I plugged the fighter guy into maped and it seems like it looks pretty cool--it might be worth it to slow down the entity speed a little but that's about it. The only concern I have is the lack of black borders around the sprite, but it can probably work as long as the tiles don't have a lot of color variance.

Would this template pic work for everyone when building sprites?

And res: could you send me a smaller version of the tiles you made?

(Also: Syn's hosting Demon Lord Adventure 2--I edited the first post in this thread with a link, or just go to dreamstem.com.)

Posted on 2008-09-18 00:54:06

Kildorf

I don't know about anyone else but that image is totally broken, and the link takes you to some sort of weird blog thing with billions of pop ups. What's up there?

Posted on 2008-09-18 05:59:10

glambourine

Agh--in theory my horrible web server is there, with the image on it that worked on this very forum eight hours ago. Try this until this can get sorted out?

Posted on 2008-09-18 08:05:19

resident

It is done. Obviously, the larger version was just for display so that you can actually see it in the webbrowser, and the dungen tiles were really only on the sprite page so that I could get an idea of what generic would look like on an actual map.

I may add more to it later, but everything will stay in it's current position for when it's imported into maped.

(at http://www.spol.pwp.blueyonder.co.uk/images/sprite/dungeon_tiles_00.gif)

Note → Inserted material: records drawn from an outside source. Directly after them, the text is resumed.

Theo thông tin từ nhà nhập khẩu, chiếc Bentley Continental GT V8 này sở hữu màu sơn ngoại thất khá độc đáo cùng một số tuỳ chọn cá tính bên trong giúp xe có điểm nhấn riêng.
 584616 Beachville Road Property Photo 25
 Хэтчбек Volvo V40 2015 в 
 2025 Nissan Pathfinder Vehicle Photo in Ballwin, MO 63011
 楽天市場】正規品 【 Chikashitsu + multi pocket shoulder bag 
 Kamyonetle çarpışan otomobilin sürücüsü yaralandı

(at http://www.spol.pwp.blueyonder.co.uk/images/sprite/jerry.gif)
Jerry the Generic


(at http://www.spol.pwp.blueyonder.co.uk/images/sprite/fighter.gif)
and I tweaked fighter a bit using the changes I made to Jerry. I also added the mid-frame I forgot to include on the first version so that it matches the original spec of three frames per row. I really need to set up a MAK and check the animation of these guys though.


(at http://www.spol.pwp.blueyonder.co.uk/images/sprite/merchant.gif)

Posted on 2008-09-18 08:46:44 (last edited on 2008-09-18 14:00:51)

Syn

I have some a window of time tomorrow which I can use to work on some art. Since I do not think I can replicate resident's style, I will work on some non general tiles. Just for formality, I will do the Treasure chest, switches, levers and doors.